YOUR INSTRUCTIONS:
Hand back the entries exactly as written, minus every picture.

Segment Start: MATERIAL FOR THIS EXERCISE

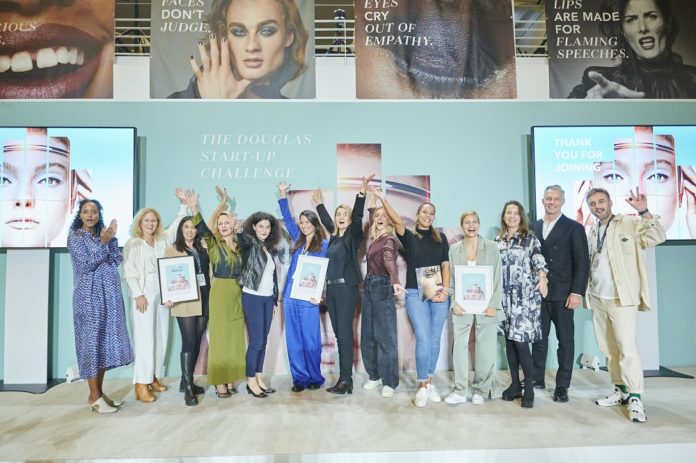 Gruppenfoto von Frauen und Männer, die teilweise eine Urkunde in den Händen halten.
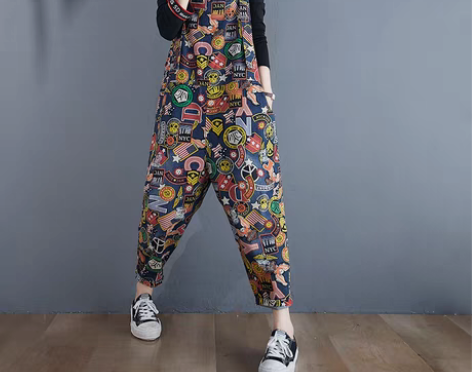 转卖春秋大码韩版宽松九分牛仔裤显瘦哈伦裤印...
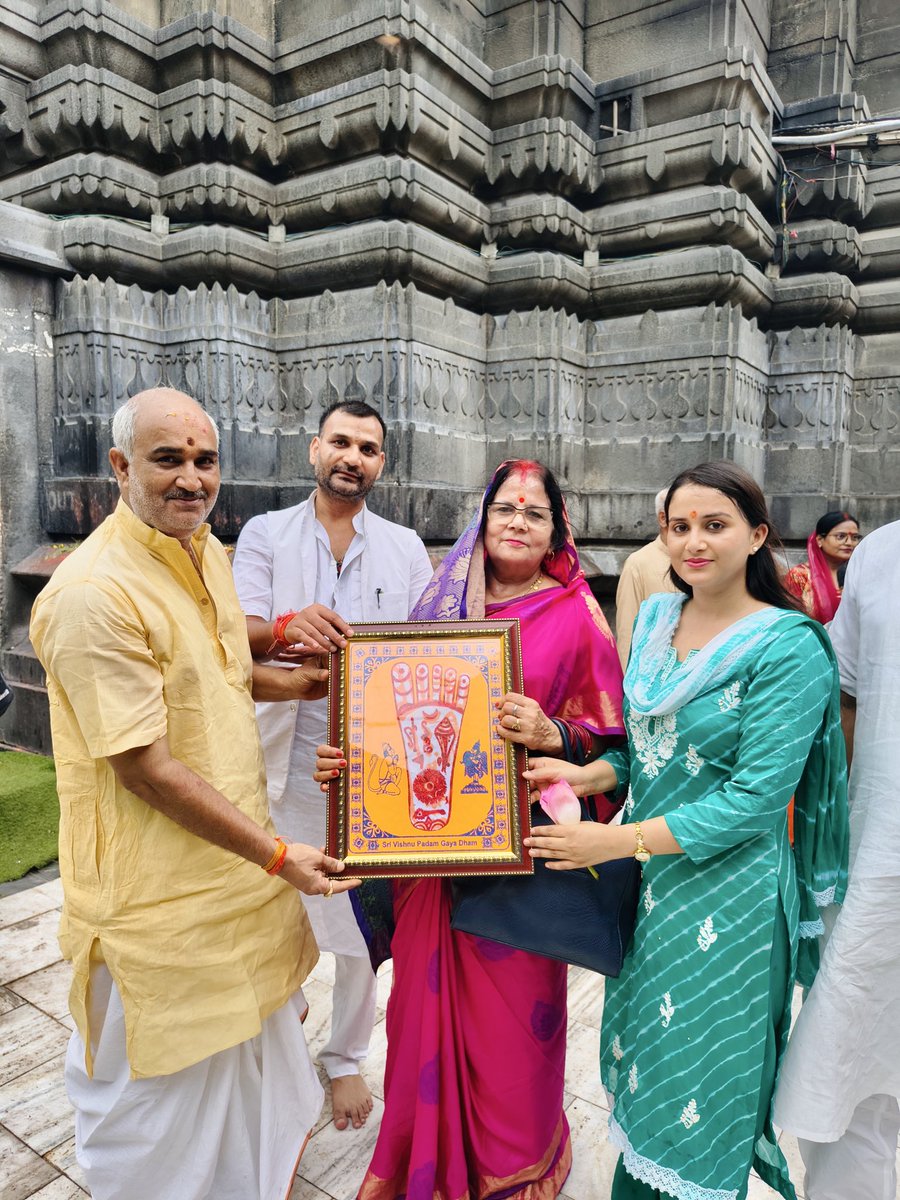 komalkritii's tweet photo. Visited the sacred city of Gaya Dham, one of India’s most revered pilgrimage destinations, and had the opportunity to offer prayers at the divine Mangla Gauri Temple and Vishnupad Temple.
#GayaDham #ManglaGauriTemple #VishnupadTemple #GayaJi #Bodhgaya https://t.co/xfpJW6EXAc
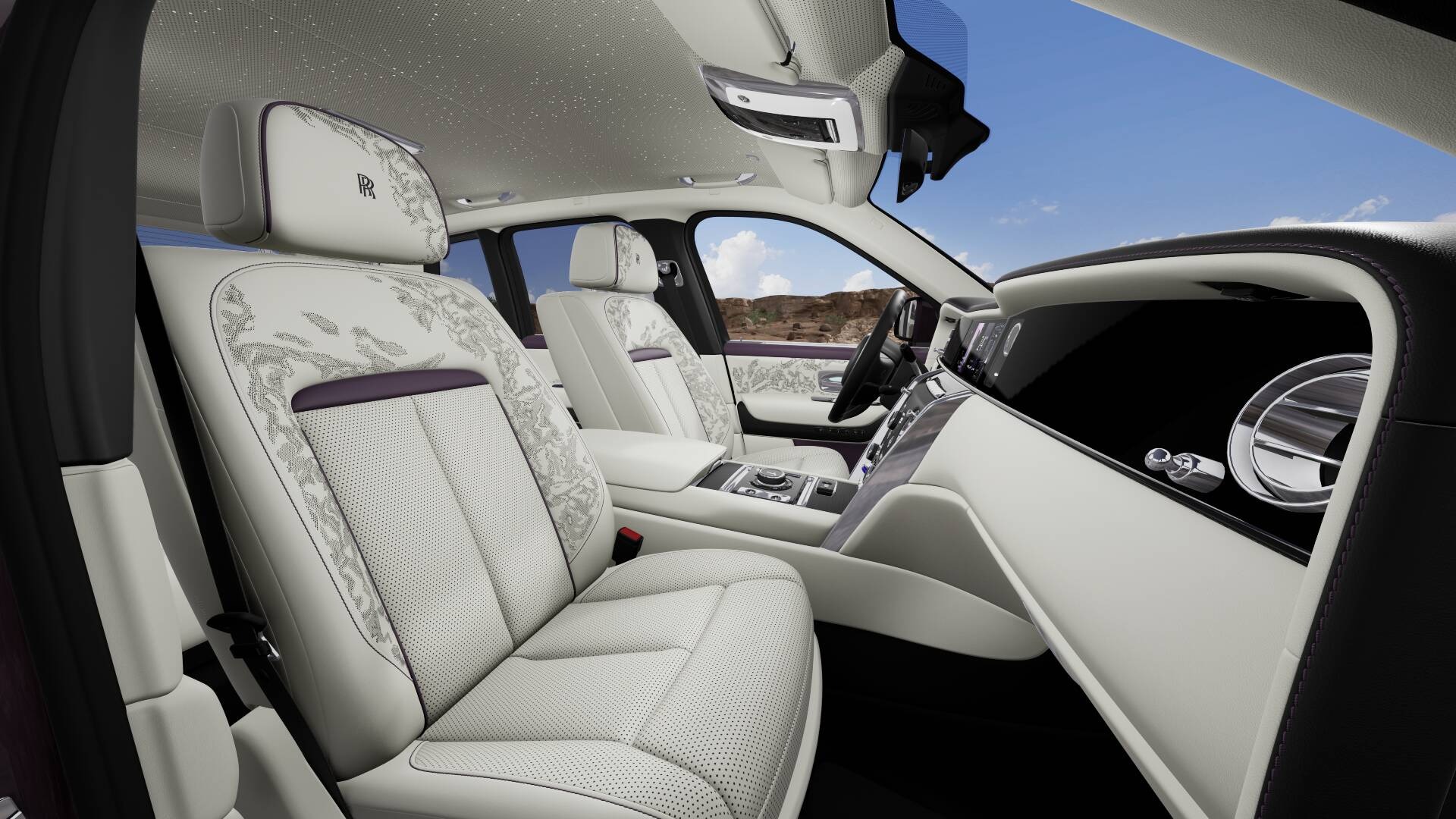 2026 Rolls-Royce Cullinan Image 2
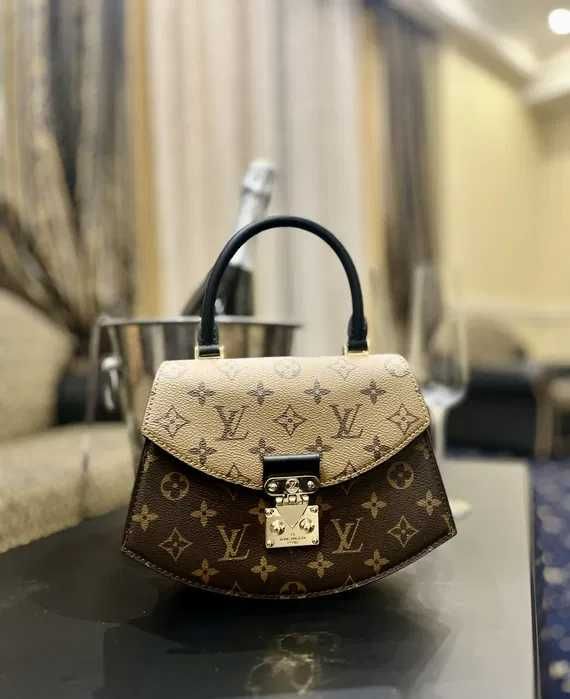 Geanta Louis Vuitton Tilsitt, Monogram Bicolor, 24 cm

Segment End: MATERIAL FOR THIS EXERCISE

RESPONSE TO THIS EXERCISE:
 Gruppenfoto von Frauen und Männer, die teilweise eine Urkunde in den Händen halten.
 转卖春秋大码韩版宽松九分牛仔裤显瘦哈伦裤印...
 komalkritii's tweet photo. Visited the sacred city of Gaya Dham, one of India’s most revered pilgrimage destinations, and had the opportunity to offer prayers at the divine Mangla Gauri Temple and Vishnupad Temple.
#GayaDham #ManglaGauriTemple #VishnupadTemple #GayaJi #Bodhgaya https://t.co/xfpJW6EXAc
 2026 Rolls-Royce Cullinan Image 2
 Geanta Louis Vuitton Tilsitt, Monogram Bicolor, 24 cm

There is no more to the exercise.